The present invention relates to a method of maintaining data consistency in a tree.
The traditional layered computer architecture typically comprises a central processing unit (CPU), dynamic random access memory (DRAM) and a hard disk drive (HDD). Data consistency is typically only maintained on the HDD due to its persistency. However, with the advent of NVM (Non-Volatile Memory), the HDD may become optional and in-memory data consistency becomes a challenge in a NVM-based storage system. Also, without the HDD, the system bottleneck moves from disk I/O to memory I/O, making CPU cache efficiency more important.

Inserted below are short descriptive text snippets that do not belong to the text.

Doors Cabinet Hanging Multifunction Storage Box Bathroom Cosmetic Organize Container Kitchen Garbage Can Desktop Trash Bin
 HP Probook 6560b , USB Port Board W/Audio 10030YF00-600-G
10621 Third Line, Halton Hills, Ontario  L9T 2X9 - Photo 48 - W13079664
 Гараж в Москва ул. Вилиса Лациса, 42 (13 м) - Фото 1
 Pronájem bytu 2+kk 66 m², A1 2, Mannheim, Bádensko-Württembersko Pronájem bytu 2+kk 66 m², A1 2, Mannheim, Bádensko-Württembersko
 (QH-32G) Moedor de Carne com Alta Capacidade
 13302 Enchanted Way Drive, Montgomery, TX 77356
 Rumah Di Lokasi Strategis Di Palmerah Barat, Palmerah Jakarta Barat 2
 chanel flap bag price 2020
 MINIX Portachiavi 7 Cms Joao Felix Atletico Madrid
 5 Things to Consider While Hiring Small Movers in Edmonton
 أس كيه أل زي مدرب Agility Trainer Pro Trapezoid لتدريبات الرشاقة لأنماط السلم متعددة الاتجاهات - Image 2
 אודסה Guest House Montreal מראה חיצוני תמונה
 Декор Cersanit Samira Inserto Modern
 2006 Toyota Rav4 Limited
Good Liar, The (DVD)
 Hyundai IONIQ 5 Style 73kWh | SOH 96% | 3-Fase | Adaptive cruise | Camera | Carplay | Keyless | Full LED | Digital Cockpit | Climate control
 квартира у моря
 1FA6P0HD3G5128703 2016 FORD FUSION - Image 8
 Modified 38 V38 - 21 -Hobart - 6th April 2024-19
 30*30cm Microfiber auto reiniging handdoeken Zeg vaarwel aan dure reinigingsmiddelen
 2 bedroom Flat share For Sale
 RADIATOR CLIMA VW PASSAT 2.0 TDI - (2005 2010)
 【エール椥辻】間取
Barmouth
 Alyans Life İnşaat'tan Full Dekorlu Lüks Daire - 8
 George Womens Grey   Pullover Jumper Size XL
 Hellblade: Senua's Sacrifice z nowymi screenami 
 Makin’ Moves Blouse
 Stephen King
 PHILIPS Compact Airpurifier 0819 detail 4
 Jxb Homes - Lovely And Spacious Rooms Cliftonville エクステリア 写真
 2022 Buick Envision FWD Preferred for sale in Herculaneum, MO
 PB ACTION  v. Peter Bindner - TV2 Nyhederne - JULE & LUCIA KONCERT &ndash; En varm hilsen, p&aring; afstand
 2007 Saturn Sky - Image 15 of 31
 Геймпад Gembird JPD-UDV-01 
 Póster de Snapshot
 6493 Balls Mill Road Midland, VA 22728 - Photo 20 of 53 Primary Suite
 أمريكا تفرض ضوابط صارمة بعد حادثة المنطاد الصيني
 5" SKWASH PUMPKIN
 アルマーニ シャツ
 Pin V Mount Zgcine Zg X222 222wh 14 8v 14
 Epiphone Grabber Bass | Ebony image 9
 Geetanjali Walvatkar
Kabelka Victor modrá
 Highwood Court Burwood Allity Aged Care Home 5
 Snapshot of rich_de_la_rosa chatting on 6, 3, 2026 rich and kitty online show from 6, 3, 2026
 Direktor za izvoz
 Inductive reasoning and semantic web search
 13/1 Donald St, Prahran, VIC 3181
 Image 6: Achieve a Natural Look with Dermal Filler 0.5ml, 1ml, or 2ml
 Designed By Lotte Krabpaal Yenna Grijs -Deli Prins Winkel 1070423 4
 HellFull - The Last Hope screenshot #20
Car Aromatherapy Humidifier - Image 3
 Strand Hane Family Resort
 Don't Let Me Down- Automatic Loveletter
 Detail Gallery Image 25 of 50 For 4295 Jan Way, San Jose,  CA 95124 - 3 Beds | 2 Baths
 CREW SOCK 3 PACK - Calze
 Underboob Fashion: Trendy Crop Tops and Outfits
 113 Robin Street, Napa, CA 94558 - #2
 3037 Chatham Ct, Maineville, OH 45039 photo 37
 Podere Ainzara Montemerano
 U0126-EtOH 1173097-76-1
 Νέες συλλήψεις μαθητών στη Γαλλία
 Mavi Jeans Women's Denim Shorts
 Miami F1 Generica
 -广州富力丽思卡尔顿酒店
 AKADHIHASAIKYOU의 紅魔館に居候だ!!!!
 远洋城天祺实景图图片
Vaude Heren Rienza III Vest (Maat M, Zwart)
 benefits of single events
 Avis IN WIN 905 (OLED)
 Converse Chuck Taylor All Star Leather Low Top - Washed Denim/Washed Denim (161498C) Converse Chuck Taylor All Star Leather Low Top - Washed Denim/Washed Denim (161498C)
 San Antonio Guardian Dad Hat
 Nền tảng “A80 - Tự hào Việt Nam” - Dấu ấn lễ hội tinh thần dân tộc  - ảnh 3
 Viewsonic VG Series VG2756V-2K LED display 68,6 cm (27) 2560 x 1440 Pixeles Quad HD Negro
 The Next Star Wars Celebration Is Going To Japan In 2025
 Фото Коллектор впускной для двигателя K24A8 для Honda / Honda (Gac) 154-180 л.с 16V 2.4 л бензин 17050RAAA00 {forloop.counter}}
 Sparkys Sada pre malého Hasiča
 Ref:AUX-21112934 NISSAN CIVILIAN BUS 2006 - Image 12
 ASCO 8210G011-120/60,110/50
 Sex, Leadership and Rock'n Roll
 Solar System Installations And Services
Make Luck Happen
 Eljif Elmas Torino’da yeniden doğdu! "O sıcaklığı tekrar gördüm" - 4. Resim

Data consistency is crucial in data management systems as data has to survive any system and/or power failure. Tree data structures are widely used in many storage systems as an indexing scheme for fast data access. However, traditional approaches (such as logging and having multiple versions) to implement a consistent tree structure on disk are usually very inefficient for in-memory tree structures. During logging, before new data is written, changes (old data and new data) are written on a log. If multiple versions are kept, a first approach is to “copy-on-write” such that before new data is written, old data is copied to another place. A second approach is “versioning” where old data is not over-written and garbage collection is relied upon to delete old versions.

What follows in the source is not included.